Beginning with the line that has "If we look at" and ending with the line that has "Google will sometimes", retype the entries below exactly, except for the pictures.

[THE RECORDS — start]

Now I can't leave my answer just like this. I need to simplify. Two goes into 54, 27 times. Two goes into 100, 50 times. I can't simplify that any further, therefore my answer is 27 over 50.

[THE RECORDS — finish]
[THE RECORDS — start]

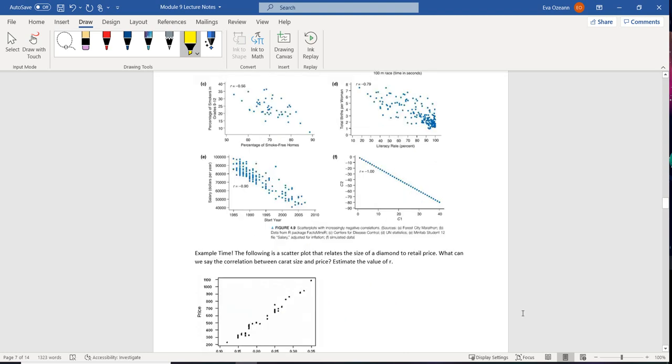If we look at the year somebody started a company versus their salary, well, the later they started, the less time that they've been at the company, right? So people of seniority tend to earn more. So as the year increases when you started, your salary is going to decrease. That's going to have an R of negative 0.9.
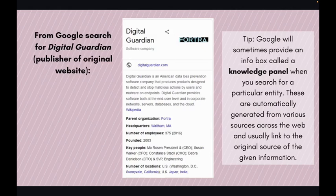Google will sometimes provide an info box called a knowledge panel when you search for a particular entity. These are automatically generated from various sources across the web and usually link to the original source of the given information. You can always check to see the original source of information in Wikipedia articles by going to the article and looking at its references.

[THE RECORDS — finish]
[THE RECORDS — start]

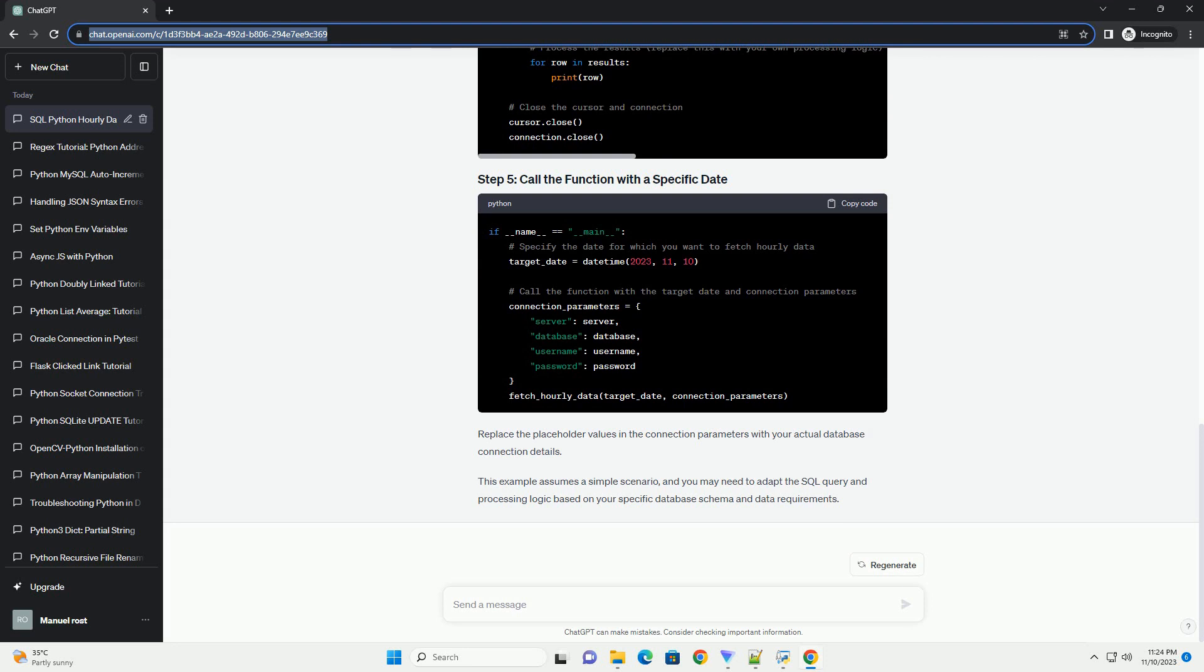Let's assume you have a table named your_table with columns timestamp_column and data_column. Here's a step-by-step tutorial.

[THE RECORDS — finish]

» RESULT OF THIS EXERCISE
If we look at the year somebody started a company versus their salary, well, the later they started, the less time that they've been at the company, right? So people of seniority tend to earn more. So as the year increases when you started, your salary is going to decrease. That's going to have an R of negative 0.9.
Google will sometimes provide an info box called a knowledge panel when you search for a particular entity. These are automatically generated from various sources across the web and usually link to the original source of the given information. You can always check to see the original source of information in Wikipedia articles by going to the article and looking at its references.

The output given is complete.